One area that wasn’t addressed as much in the 2013 Pew study was antisemitism. Alan Cooperman, the director of religion research at the Pew Research Center, said that as the study was being developed in 2012, there was unanimous agreement that antisemitism was “not a pressing concern.”

“This time around, in the wake of events in Charlottesville and the shootings in synagogues in Pittsburgh and Poway, Calif., we asked many more questions about antisemitism,” Cooperman said. 

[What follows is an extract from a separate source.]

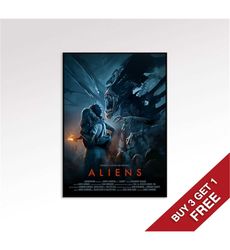 Aliens Classic Movie Poster,Film Wall Art Picture Print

  • Three-quarters of Jewish adults say antisemitism has increased over the past five years. Still, only 5% of Jews chose not to participate in Jewish activities out of concern for their safety. 
  • More Jews have heard antisemitic tropes (for example, someone saying the Holocaust didn’t happen) secondhand than have experienced them firsthand.

Older American Jews tend to feel more connected to Israel

Asked why they thought there was more antisemitism, most Jewish adults said that antisemites felt freer to express their views — or that there were both more antisemites nowadays, and that antisemites were emboldened to speak up.

The political polarization of Jewish groups, a trend visible in 2013 but that, like many issues, heavily escalated in the second half of the 2010s, was also given a deeper look by Pew researchers.

  • Orthodox and non-Orthodox Jews are deeply divided. Politically, Orthodox Jews are Republican at roughly the same rate (75%) as non-Orthodox Jews are Democratic. 
  • Half of all Orthodox Jews say they have little to nothing in common with Reform Jews, a sentiment matched by 60% of Reform Jews. 
  • On the whole, Conservative and Reform Jews say they have more in common with Israeli Jews than Orthodox Jews. Orthodox Jews also feel closer to Israeli Jews than to American non-Orthodox Jews. 

Finally, as conversations about race and diversity have taken center stage in the American Jewish community, Pew broke down Jewish demographics. A focus on race is, in some ways, intertwined with intermarriage, as 17% of Jewish adults live in a household with at least one non-white or multiracial person (who may or may not be Jewish). 

  • Nine percent of Jewish adults identify as gay, lesbian, or bisexual, with another three percent who either didn’t answer the question; didn’t know their gender; or identified as “something else.”
  • American Jews are becoming more diverse. Of all Jewish adults, 92% identify as white. But for the 18-29 age group, 15% identify with non-white demographic categories like Hispanic (7%) and Black (2%). 

Younger Jewish adults are more racially and ethnically diverse

To help bring context to the “Jewish Americans in 2020” study, Pew Research organized a webinar on Tuesday that included a walkthrough by some of the researchers, and a discussion panel and Q&A with four prominent Jewish communal professionals. 

A few notable quotes were prompted by a question for Rabbi B. Elka Abrahamson, the president of the Wexner Foundation, about how communal leadership can help bridge a fractured American Jewish community. 

“The Jewish communal ecosystem must evolve in order to accommodate Jews, however, they self-define in a variety of stages and phases of identity and connection,” Abrahamson said. “If we are going to define ourselves as one people, today is a wake-up call.

“We need to be relentlessly curious not just about the data, but about individuals, about the lived experience of people we might not understand. We have to replace outrage with curiosity.”

Abrahamson noted, as other speakers had done, how after seven years and the 2013 Pew-driven scramble for new initiatives to engage Jews, nothing Jewish organizations and professionals had done helped with divisions in the community.

“That is a pattern we can break for the better if we get really serious about change,” she said.